Si hubiera que resumir todo en una hoja de ruta, sería algo así:
Para la parte local
- Seguir mirando energía como eje central.
- Ser selectivo con bancos, entendiendo que la recuperación no será inmediata.
- En renta fija, evitar simplificaciones: no todo bono es conservador.
- Mirar con atención Bopreal y CER largos como TZX28.
- Ser más cuidadoso con tasa fija corta en pesos.
Para la parte internacional
- No perder de vista que las tasas en Estados Unidos siguen siendo un condicionante clave.
- Seguir expuesto a tecnología, pero no solo a Nvidia.
- Buscar oportunidades en toda la cadena de valor de la IA.
- Complementar con sectores menos exigidos como salud, banca o consumo defensivo.
- Entender que valuación importa, aun en los grandes themes.
La clave hoy: no enamorarse de una sola historia
El mercado está dando señales bastante claras.

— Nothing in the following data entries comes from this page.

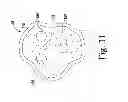 Fig. 16 - Patella drill guide and trial surgical instrument having an alignment bore formed therein and method of using the same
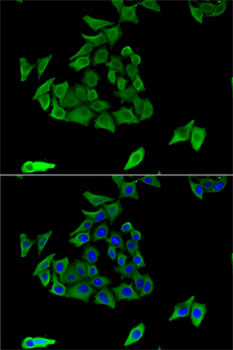 Immunofluorescence - TGM3 Polyclonal Antibody 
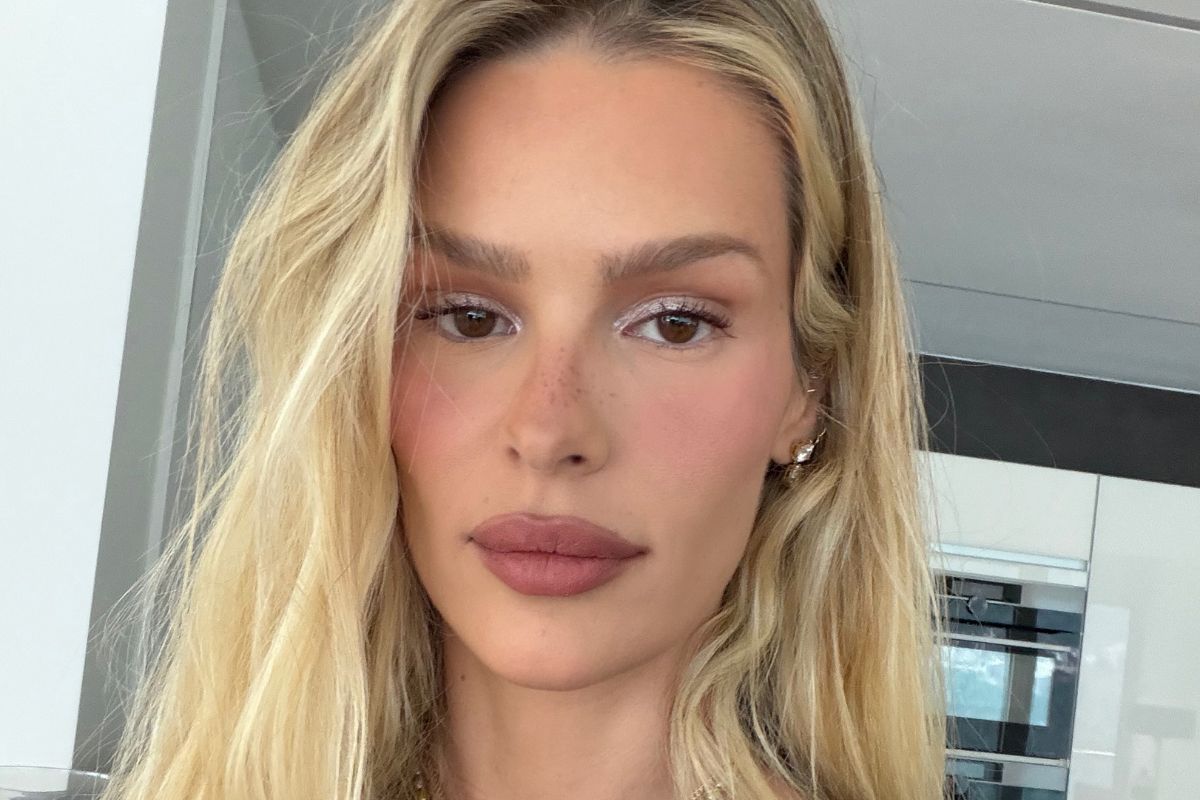 Yasmin Brunet expõe pernas cheias de roxos e entrega o motivo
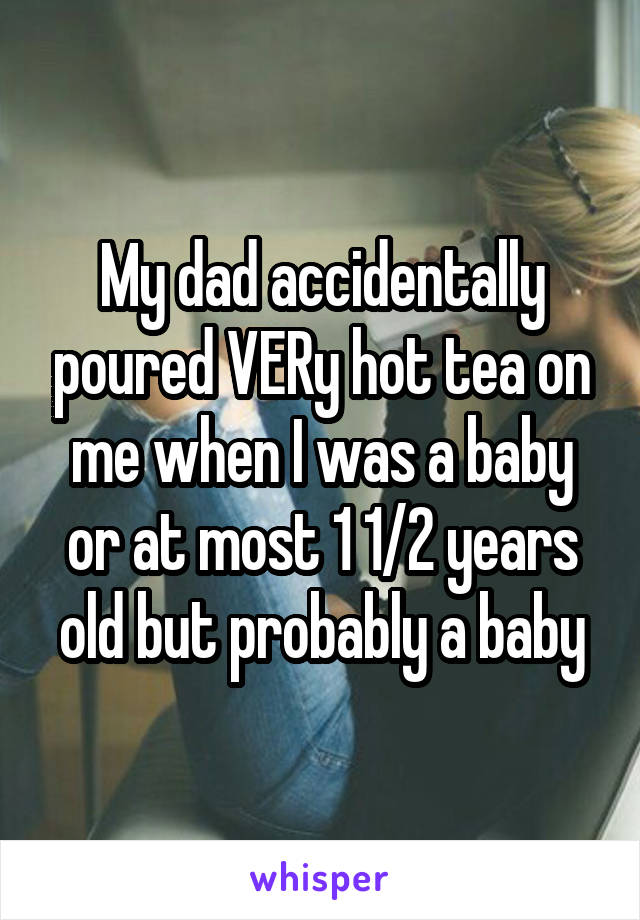 My dad accidentally poured VERy hot tea on me when I was a baby or at most 1 1/2 years old but probably a baby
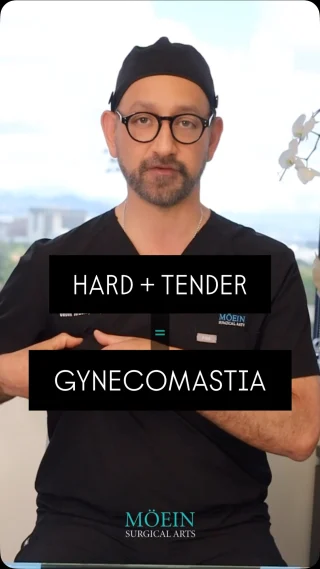 1 in 3 men will experience gynecomastia in their lifetime, the development of excess breast tissue that often causes embarrassment, discomfort, and insecurity.

Whether it’s due to hormones, genetics, or medication, you are not alone, and more importantly, you are not stuck with it.

Gynecomastia surgery is one of the most effective solutions for restoring a flatter, firmer, and more masculine chest. Treatment typically includes:
• Gland removal to target dense tissue behind the nipple
• Liposuction to remove surrounding fat and sculpt definition
• Minimal scarring techniques for natural-looking results

The outcome?
A more athletic, confident appearance — and freedom from compression shirts, oversized tees, and body anxiety at the pool or gym.

Stop hiding your chest. Start feeling like yourself again.

📲 DM us to book your own transformation 
🌐 visit www.moeinsurgicalarts.com
📧 Appointment@msurgicalarts.com
•
•
#Gynecomastia #MaleChestSurgery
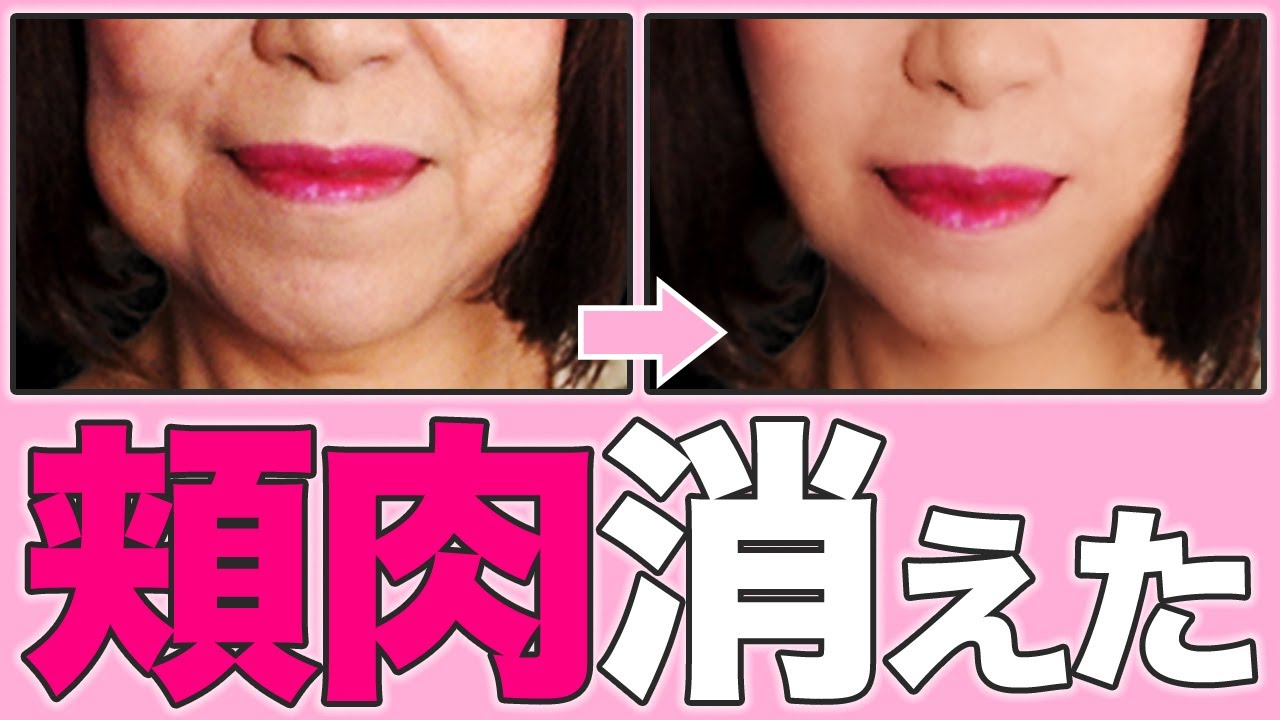 頬肉 たるみ 法令線が消える バッカルファット解消法 Youtube 頬肉 たるみ 法令線が消える バッカルファット解消法 Youtube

En Argentina, la energía sigue siendo el gran ganador estructural, pero la deuda soberana ya no tiene el recorrido lineal que tuvo. En pesos, hay que hilar fino. Y en bancos, la paciencia sigue siendo parte de la estrategia.
Afuera, la inteligencia artificial sigue siendo el tema, pero ya no alcanza con repetir los mismos dos o tres nombres. Hay que entender toda la cadena, los cuellos de botella y, sobre todo, las valuaciones.
Y en el medio de todo eso, la cartera no se arma con eslóganes. Se arma aceptando una realidad simple: el contexto cambió, y el mercado ya te lo está avisando.